Optic neuritis is an inflammation of the optic nerve, the nerve that transmits visual information from the eye to the brain. The condition typically leads to a sudden loss or deterioration of vision, most commonly affecting one eye at a time. It most frequently affects young adults between the ages of 20 and 40, and is more common in women than in men.
Causes
Optic neuritis is most often an autoimmune condition in which the immune system mistakenly attacks the myelin sheath surrounding the optic nerve. Common causes and associated conditions include:
- Multiple sclerosis (MS): The most frequent cause. Optic neuritis is often the first symptom of MS.
- Neuromyelitis optica spectrum disorder (NMOSD): An autoimmune condition affecting both the optic nerve and the spinal cord.
- Viral or bacterial infections: Such as measles, mumps, chickenpox, or Lyme disease.
- Systemic autoimmune diseases: Including lupus erythematosus or sarcoidosis.
- Idiopathic optic neuritis: With no identifiable underlying cause.
Symptoms
Symptoms of optic neuritis usually develop over hours to days and typically affect only one eye:
- Sudden vision loss or blurred vision (often progressing over hours to days)
- Eye pain, especially with eye movement
- Color vision disturbances, particularly reduced red-green perception
- Visual field defects (known as scotomas)

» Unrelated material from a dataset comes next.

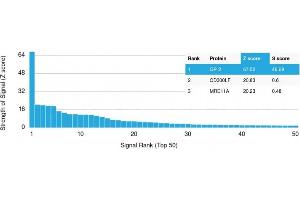 Analysis of Protein Array containing more than 19,000 full-length human proteins using GP2 Mouse Monoclonal Antibody (GP2/1803) Z- and S- Score: The Z-score represents the strength of a signal that a monoclonal antibody (Monoclonal Antibody) (in combination with a fluorescently-tagged anti-IgG secondary antibody) produces when binding to a particular protein on the HuProtTM array. (GP2 Antikörper  (AA 35-179))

- Dimness or graying of vision
- Uhthoff phenomenon: Temporary worsening of vision with body heat (e.g., during exercise or hot showers)
Diagnosis
Diagnosis of optic neuritis is based on a combination of clinical examination and diagnostic tests:
- Ophthalmological examination: Visual acuity test, visual field measurement (perimetry), color vision test, and fundoscopy
- Pupillary response: A relative afferent pupillary defect (RAPD) is a hallmark sign of optic neuritis
- Visual evoked potentials (VEP): Measuring the electrical conductivity of the optic nerve
- MRI (magnetic resonance imaging): Detecting demyelinating lesions in the optic nerve and brain, essential for MS evaluation
- Blood tests: To rule out other causes (e.g., AQP4 antibodies in suspected NMOSD)
- Lumbar puncture: Cerebrospinal fluid analysis when multiple sclerosis is suspected
Treatment
Treatment of optic neuritis depends on the severity of symptoms and any underlying condition:
Corticosteroid Therapy
High-dose corticosteroids (e.g., intravenous methylprednisolone) are commonly used to speed up visual recovery. This treatment shortens the duration of vision loss but has not been shown to improve long-term visual outcomes.
Treatment of Underlying Conditions
In cases of underlying multiple sclerosis or NMOSD, long-term immunomodulatory or immunosuppressive therapy is required to prevent further relapses and protect the optic nerve from additional damage.
Prognosis
In most cases, vision recovers substantially within weeks to months. However, some patients experience residual symptoms such as persistent color vision deficits or mild visual impairment. Recurrent episodes increase the risk of permanent optic nerve damage.
When to See a Doctor?
Sudden vision loss, eye pain, or disturbances in color vision require immediate medical attention. Early diagnosis and prompt treatment are critical to preserving vision and identifying any serious underlying neurological condition.
References
- Toosy AT, Mason DF, Miller DH. Optic neuritis. Lancet Neurol. 2014;13(1):83-99. PubMed PMID: 24331795.
- Optic Neuritis Study Group. Visual function 15 years after optic neuritis. Ophthalmology. 2008;115(6):1079-1082. PubMed PMID: 18164066.
- Wingerchuk DM, et al. International consensus diagnostic criteria for neuromyelitis optica spectrum disorders. Neurology. 2015;85(2):177-189. PubMed PMID: 26092914.